Hmmm this was my first Barclay book and I'm a bit on the fence about it. I love first person, read a TON of first person (Including Lisa Gardner who excels at 1st person) so I'm VERY picky about my first person. For about the first 1/3 to 1/2 the first person is very clunky and awkward :( but I stuck with it. The last half or so was better (less clunky, better pacing)--mostly because (I think) there was more dialogue than anything.
Odd as my criticisms may sounds, I feel like I had a vested interst in seeing how it all turned out so I stuck with it. Keeping in mind that suspense and thrillers are my #1 genre of choice to read (meaning, I've read a lot and I'm really picky, as in, "Can you pass the Gardner test?" LOL)...There were no huge surprises here...In the end, I'm not 100% sure I bought into all the big reveals that went on.
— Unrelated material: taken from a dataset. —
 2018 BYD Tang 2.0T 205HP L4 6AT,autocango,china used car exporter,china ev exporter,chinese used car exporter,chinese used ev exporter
I def wouldn't read any of Barclays older books but MIGHT maybe give a newer book a try to see if the writing/plotting/etc has improved.
As usual, another good book by Linwood Barclay.
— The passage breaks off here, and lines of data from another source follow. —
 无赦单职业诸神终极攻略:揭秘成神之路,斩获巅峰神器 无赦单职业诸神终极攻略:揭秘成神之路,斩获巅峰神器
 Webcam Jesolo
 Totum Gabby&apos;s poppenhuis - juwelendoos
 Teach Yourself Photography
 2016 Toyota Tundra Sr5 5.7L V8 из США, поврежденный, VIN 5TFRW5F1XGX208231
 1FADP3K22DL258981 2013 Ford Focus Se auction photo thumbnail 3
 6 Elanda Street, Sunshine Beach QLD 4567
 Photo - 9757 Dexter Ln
I thoroughly enjoyed the book and felt it was well written. This was the first Linwood Barclay book I have read and intend to read his others.
I was expecting more...seemes a little amateurish...
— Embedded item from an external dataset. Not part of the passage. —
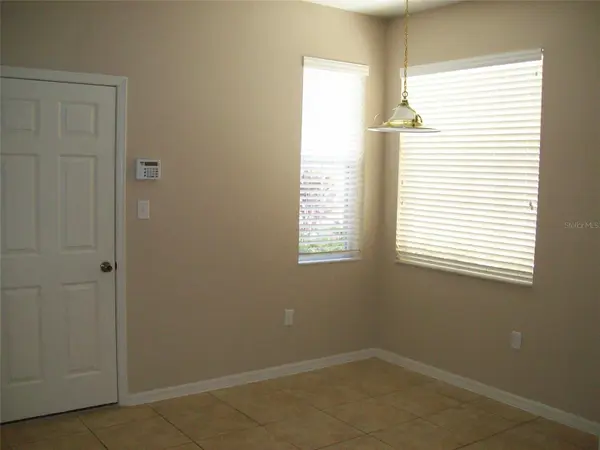 3459 PARKRIDGE CIR #18-103, Sarasota, FL 34243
Very interesting, easy to read and stick with until the end, ending not what I expected. I have read his books before and liked them.
I really enjoyed this book and this author. The writing style is very fast-paced and really easy to read. He does a great job of giving personalities to the characters. You love them or hate them. I was very surprised by the ending and truly did not see it coming. I highly recommend this author and this book.
Very interesting, keeps your attention, easy to read and stick with. Outcome not what I expected.
An excellent page-turner: great plot, very well-developed, very readable and well-written.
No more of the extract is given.